Syria’s ongoing autopsy

The two books reveal a great deal more about the prevailing mood among Syrians than the news reports that track the minutiae of this battle and that battle in the country.

Published : Jun 24, 2015 12:30 IST

Inside Syria: The Backstory of Their Civil War and What the World Can Expect, By Reese Erlich, Prometheus Books, New York, 2014.

Inside Syria: The Backstory of Their Civil War and What the World Can Expect, By Reese Erlich, Prometheus Books, New York, 2014.

Four years into the conflict, Syria remains a bare shadow of itself. Morticians have stopped counting the dead, and the United Nations only has estimates of the displaced (about half the population). Life expectancy is said to have dropped by 20 years to a meagre 58. The suffering is acute. It cannot be captured in numbers. One gauge of it is the extreme step taken by Syrian refugees to flee the area, even to risk going to chaotic Libya from which they chance the Mediterranean moat. Walking through Syrian refugee camps provides both a sense of the desolation and the pure relief at human resilience; even the most scarred people try to plant flowers outside their tents.
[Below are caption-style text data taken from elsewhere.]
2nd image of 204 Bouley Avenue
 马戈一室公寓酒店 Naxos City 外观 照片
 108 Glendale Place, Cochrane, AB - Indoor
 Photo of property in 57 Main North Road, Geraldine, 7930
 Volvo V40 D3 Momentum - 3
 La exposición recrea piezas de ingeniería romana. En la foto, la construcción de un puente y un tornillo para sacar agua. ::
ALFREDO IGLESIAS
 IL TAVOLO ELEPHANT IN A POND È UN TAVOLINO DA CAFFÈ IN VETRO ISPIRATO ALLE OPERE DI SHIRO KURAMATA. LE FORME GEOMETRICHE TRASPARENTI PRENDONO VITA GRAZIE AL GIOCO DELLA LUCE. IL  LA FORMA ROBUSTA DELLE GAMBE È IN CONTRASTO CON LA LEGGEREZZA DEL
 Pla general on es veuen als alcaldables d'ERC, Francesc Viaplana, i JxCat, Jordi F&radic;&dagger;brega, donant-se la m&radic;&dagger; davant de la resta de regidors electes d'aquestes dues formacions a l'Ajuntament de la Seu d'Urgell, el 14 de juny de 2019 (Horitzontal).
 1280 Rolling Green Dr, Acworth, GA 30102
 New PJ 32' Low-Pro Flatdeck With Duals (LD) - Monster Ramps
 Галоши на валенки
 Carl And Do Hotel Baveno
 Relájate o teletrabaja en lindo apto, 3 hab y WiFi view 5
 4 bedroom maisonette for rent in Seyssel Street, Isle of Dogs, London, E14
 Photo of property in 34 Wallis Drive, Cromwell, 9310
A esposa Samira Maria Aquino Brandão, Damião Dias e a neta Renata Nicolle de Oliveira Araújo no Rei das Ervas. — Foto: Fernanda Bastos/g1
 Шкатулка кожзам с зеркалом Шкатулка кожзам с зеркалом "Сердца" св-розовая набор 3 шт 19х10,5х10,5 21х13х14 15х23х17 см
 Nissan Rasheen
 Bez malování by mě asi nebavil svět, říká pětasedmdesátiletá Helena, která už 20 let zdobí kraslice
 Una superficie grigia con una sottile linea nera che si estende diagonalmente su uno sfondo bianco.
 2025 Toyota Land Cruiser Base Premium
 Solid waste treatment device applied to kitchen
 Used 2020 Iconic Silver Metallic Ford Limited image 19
The war itself is relatively dull, battles here and there threaten human lives and seem to make little progress in the civil war. Over four years none of the players have been overly threatened. The government of Bashar al-Assad, which the West thought would fall on several occasions over this period, remains intact. It continues to control the major population centres. Despite their antipathy to his government, Western journalists and diplomats feel safest in his realm. Areas of the rebels sow fear, whether the slowly depleting zones of the Free Syrian Army (FSA) or the various Islamist extremist groups (from the Jabhat al-Nusra, affiliated to Al Qaeda, to the Saudi-backed Jaish al-Islam). Kidnappings for ransom and for spectacular killing are the threat. There are no longer any reliable forces that carry the “moderate” banner for the West. The rebels lean largely towards extremism of one shape or form. In his elegy for the civil war, the journalist Charles Glass notes, “No one, apart from the undertaker, is winning.”

The entrails of this war suggest little hope. No sign of peace is visible. Even exhaustion—which is the mood amongst many fighters—is not a guarantee of a ceasefire. The combatants resemble boxers in the final rounds of their championship bout, blinded by pain and fatigue, groping for a target on the body of the other; except that in this case, there are no rounds, no bells, no going the distance, since the war seems to stretch to infinity. The journalist Reese Erlich’s book does not even bother with an assessment of the way ahead. He closes his learned book with pen portraits of those who prolong the conflict: the United States, Russia, the Gulf Arabs and Iran. Halfway through his book, Erlich writes, “The struggle for a peaceful, secular Syria has been diminished, but not crushed.” Here is hope. It dies on page 121. A hundred pages remain of the book.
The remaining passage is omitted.